Charisse Burden-Stelly is an Associate Professor of African American studies at Wayne State University and a member of the Black Alliance for Peace Research & Political Education Team. She is co-editor, with Percy Hintzen and Aaron Kamugisha, of the recently published Reproducing Domination: On the Caribbean Postcolonial State, with University Press of Mississippi
For more than forty years, Dr. Percy C. Hintzen has provided some of the most significant and enduring analyses of the colonial and postcolonial realities of the Caribbean. He has published books, articles, and public scholarship invaluable to understanding how Western imperialism, underdevelopment, neocolonialism, and elite domination have fundamentally shaped the political economy and social relations of the Anglophone Caribbean generally, and Guyana, Trinidad, and Barbados particularly. His work engages a broad range of issues, from structural adjustment to creole capture of the state apparatus to capitalist globalization to the politics of identity. This is not to mention Hintzen’s invaluable contributions to African Diaspora Studies through his study of, inter alia, the discourse, policy, and practice of economic development; the intersections of modernity, nationalism, and citizenship; and West Indian identity formation in the West. With this extensive body of work, we are left with a rich understanding of the ways that Caribbean subjects and subjectivities have been at the center of the material and cultural realities of the modern world.

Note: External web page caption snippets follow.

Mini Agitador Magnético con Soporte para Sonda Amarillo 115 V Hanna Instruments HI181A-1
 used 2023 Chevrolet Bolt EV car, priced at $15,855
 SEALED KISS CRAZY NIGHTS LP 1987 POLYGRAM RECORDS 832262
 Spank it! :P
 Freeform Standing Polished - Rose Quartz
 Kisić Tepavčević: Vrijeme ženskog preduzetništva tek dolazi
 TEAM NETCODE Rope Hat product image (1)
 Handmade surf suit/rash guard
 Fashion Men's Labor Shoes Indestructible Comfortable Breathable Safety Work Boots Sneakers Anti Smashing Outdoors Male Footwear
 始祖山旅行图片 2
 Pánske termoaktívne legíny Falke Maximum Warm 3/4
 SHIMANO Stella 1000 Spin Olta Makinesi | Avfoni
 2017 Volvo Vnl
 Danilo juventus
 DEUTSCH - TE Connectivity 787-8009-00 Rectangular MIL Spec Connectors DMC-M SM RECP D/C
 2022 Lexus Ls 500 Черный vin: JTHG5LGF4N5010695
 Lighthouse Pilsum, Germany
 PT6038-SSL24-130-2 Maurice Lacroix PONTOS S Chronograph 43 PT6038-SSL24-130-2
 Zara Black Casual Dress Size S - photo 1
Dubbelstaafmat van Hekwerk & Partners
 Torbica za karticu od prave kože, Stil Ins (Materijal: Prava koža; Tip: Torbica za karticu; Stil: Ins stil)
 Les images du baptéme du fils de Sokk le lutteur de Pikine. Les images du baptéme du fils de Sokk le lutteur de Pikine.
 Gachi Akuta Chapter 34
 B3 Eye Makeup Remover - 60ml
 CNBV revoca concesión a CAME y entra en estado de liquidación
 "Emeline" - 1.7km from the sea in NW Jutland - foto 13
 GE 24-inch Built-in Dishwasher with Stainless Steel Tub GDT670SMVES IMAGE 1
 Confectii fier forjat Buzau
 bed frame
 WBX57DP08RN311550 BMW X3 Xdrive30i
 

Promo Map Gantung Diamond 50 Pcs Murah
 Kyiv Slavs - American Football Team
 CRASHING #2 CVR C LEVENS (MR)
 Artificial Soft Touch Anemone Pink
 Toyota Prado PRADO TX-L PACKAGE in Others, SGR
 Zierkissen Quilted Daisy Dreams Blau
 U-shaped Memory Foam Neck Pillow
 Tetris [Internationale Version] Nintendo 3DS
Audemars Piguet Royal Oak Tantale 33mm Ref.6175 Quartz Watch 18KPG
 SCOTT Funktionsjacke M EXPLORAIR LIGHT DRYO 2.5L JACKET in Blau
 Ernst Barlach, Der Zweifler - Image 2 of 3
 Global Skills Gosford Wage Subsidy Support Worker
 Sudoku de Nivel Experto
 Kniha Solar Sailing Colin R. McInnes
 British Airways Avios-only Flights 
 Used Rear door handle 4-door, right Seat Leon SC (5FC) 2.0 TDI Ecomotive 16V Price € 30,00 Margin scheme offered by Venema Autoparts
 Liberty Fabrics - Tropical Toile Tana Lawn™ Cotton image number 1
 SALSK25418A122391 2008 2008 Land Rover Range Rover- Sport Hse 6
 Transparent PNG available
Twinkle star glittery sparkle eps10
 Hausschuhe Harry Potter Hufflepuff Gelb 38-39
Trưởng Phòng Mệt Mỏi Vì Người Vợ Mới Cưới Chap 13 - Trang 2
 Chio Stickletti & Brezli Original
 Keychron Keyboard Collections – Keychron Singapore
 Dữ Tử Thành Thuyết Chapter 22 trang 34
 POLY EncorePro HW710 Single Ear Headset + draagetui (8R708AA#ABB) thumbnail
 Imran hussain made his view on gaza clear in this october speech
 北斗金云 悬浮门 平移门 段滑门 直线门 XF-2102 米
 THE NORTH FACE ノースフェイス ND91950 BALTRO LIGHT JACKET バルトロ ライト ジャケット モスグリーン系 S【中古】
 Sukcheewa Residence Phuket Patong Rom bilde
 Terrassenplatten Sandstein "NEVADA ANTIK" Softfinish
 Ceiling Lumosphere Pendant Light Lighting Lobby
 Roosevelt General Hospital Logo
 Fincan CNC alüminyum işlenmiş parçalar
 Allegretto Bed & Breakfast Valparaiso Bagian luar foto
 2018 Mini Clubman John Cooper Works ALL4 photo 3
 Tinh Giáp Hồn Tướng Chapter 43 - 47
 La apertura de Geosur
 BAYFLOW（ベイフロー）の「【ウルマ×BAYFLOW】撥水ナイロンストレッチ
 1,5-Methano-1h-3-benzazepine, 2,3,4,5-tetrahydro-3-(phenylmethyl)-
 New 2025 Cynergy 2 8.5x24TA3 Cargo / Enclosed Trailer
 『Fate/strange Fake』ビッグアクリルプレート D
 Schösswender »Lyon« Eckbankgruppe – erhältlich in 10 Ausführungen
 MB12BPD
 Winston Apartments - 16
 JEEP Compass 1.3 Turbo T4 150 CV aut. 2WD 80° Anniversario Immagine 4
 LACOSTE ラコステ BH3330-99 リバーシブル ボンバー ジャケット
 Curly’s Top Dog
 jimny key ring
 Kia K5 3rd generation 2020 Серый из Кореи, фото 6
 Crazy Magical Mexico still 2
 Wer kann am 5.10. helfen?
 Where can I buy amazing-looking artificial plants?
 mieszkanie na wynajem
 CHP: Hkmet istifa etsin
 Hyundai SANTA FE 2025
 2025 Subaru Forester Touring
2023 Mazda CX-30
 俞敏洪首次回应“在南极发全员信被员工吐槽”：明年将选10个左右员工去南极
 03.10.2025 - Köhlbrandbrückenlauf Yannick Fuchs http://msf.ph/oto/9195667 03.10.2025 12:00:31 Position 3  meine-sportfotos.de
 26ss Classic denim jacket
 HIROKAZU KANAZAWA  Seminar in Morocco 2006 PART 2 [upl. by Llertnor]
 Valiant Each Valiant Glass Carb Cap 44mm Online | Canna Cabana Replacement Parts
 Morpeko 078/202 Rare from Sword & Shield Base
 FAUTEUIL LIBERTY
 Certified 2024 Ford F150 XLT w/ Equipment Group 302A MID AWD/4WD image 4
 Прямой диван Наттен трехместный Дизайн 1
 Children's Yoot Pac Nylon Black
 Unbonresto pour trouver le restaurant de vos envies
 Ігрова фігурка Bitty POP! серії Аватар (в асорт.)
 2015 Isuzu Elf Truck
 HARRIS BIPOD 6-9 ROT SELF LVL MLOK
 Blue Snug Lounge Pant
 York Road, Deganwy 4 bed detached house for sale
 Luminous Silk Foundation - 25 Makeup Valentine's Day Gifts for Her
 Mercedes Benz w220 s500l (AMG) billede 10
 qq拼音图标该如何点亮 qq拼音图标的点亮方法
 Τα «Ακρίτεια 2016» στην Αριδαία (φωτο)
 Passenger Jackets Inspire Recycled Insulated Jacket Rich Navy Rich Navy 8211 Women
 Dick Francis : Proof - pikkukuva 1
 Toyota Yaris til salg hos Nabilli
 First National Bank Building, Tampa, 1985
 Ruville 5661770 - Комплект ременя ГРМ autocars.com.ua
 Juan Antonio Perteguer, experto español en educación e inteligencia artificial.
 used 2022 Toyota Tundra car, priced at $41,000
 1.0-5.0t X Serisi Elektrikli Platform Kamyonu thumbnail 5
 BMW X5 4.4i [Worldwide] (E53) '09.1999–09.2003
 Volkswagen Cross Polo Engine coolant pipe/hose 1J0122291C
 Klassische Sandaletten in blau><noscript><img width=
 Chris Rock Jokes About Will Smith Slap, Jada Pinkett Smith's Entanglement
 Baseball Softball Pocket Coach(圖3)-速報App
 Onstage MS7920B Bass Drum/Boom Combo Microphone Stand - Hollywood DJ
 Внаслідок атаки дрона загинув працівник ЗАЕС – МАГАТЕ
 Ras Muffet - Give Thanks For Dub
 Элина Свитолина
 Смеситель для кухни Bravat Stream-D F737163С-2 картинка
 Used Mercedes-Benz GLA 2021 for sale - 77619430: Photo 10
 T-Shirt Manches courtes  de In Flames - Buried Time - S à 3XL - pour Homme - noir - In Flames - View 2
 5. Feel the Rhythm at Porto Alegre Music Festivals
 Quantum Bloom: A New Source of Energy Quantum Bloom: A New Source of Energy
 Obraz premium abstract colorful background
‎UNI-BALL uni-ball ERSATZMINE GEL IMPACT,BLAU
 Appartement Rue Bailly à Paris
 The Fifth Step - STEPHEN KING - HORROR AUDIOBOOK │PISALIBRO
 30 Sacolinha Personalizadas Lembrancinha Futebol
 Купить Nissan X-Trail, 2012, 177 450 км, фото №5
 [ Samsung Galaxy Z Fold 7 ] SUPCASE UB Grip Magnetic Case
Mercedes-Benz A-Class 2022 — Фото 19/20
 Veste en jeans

Another of Hintzen’s contributions is mentoring a cadre of students whose scholarship on subjects including racial capitalism, coloniality, Black sexuality and ballroom culture, and migration and transnationalism has shaped several fields of study precisely because of his mentorship and influence. The recent co-edited collection, Reproducing Domination: On the Caribbean Postcolonial State, encapsulates Hintzen’s range, rigor, and continued relevance—and the mutual respect and intellectual feedback loop between himself and his students.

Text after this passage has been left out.